OFF ROAD - Wyposażenie Wyprawowe
pekar1 - 05-02-2009, 21:16 Temat postu: wyprawowe... Najlepiej jest jechać w dwa samochody, jeśli jeszcze jadą zaprzyjaznione osoby lub rodzina to świetnie. Asekuracja w postaci drugiego auta jest nieoceniona ,załaszcza przy nieoczekiwanej "przygodzie" lub w razie niebezpieczeństwa . Zawsze drugie auto moze pojechać po pomoc, przywieżć części do naprawy, wyszarpnąć z dołka itp.
Zbyt dużo z koleji aut i osób stwarza inne problemy. Na przykład każdy chce inna trasą pojechać albo trudno znależć dla wszystkich nocleg w jedym hotelu, motelu- ale to raczej błachostki. Przy duzej ilosci aut i dużej indywidualnosci uczestników wyprawy {każdy chce inaczej} można ustalać koordynaty GPS gdzie sie spotykamy na koniec dnia czy za dwa dni, na postoju usytalamy następne koordynaty itd.... W ten sposób nic nie traca indywidualisci i wszyscy i tak integruja się po spotakniu wieczorem.
Ze Słowenii blisko do Albanii, podobno jest rewelacyjna na wyprawę terenówką
Anonymous - 07-02-2009, 13:12
mayer napisał/a: | - latarka |
To i czołówka. Nie tylko dla pilota.
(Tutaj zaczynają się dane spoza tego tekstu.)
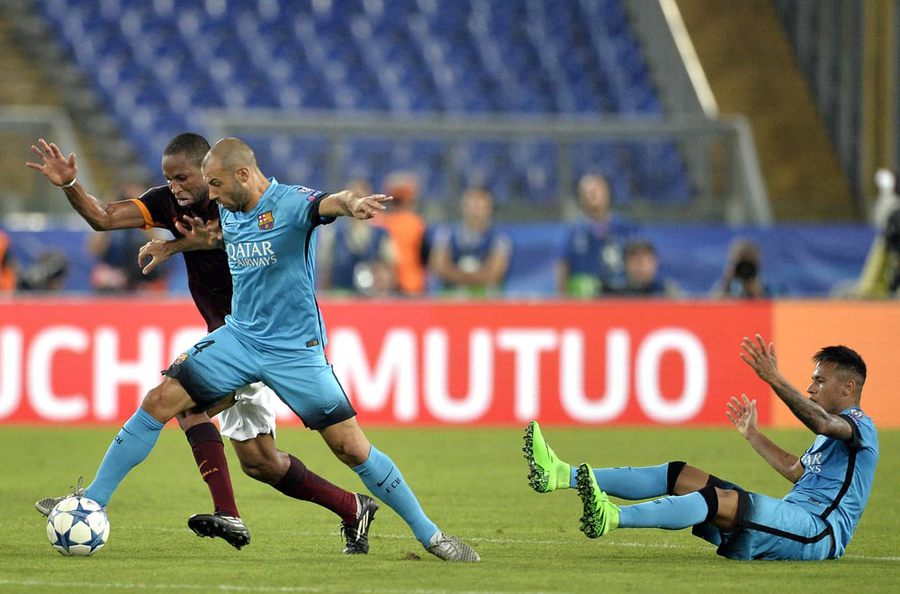 Gol Spektakuler Florenzi Gagalkan Kemenangan Barca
Dla kierowcy też.
I obowiązkowo ładowarki samochodowe dla telefonów i używanych (w latarkach i innym sprzęcie) akumulatorków.
Można też pomyśleć o dodatkowych gniazdkach w samochodzie tak, żeby nie zastanawiać się czy włączamy lodówkę czy ładujemy akumulatorki.
Przyda się co najmniej jedno gniazdko nie wyłączane stacyjką (a nie zawsze tak mamy w standardzie): na pierwszym wyjeździe do pompowania materaca musiałem załączać stacyjkę
I nie zapomnijmy PRZED wyjazdem przykręcić tablice rejestracyjne: standardowe mocowanie w plastikowych ramkach weryfikuje się przy pierwszym przejeździe przez kałużę
Gene - 07-02-2009, 14:32
Elili napisał/a: | przez kałużę | hi hi... jasne, jasne jak ktos bawi sie w Miami Vice i robi z bulwarowki motorowke to potem grabi dno w poszukiwaniu blachy.
Co nie Hiszpan
Hiszpan - 07-02-2009, 18:20
Gene napisał/a: | Co nie Hiszpan |
Taaaa
jawaldek - 07-02-2009, 21:41
Hiszpan ale zamieść też zdjęcie jak to się stało
Oto w jaki sposób "powiększyłem" bagażnik aby zyskać miejsce do spania. Po przesunięciu przednich siedzeń jest 1,9 do spania.Pod podłogą są na razie tylko schowki potem będą szuflady.Aaaa i nie wiem czy się udało mi wkleić zdjęcia Ale o tym zaraz się przekonam/y Pozdrawiam
[ Dodano: 09-02-2009, 17:05 ]
Z żabą się nie "lubimy" więc w fotosiku zamieściłem
http://www.fotosik.pl/pok...f91eda2e97.html
pekar1 - 09-02-2009, 21:44
jawaldek,
Świetnie zrobione auto na wyprawę ,spanie w aucie , tak jak zrobiłeś oszczędza pieniadze,bo nie musisz kupować namiotu, pieniadze bo nie musisz płacić za nocleg i czas , bo nie marnujesz go na rozkładanie namiotu.
No i zyskujesz na bezpieczeństwie, bardzo szybko bez wychodzenia z auta możesz odpalić i pojechać.
Piątka z plusem....
W 2007 roku w zwiazku z szukaniem noclegu w okolicy Borzomi w Gruzji { Ackalcihe}przeżyliśmy noc grozy bo " chłopcy z ferajny" chcieli nam zabrać paszporty, okraśc a być może był już przyszykowany dół z wapnem. Nie przesadzam. Kiedys to opisze i wrzuce na forum.
Spanko w aucie - swietny pomysł, dobrze jest w takim spanku zrobić wyjmowane fragmenty góry , nad szufladami , wtedy nie trzeba demontować całosci aby dostać sie np. do tematycznej szuflady czy sakwy.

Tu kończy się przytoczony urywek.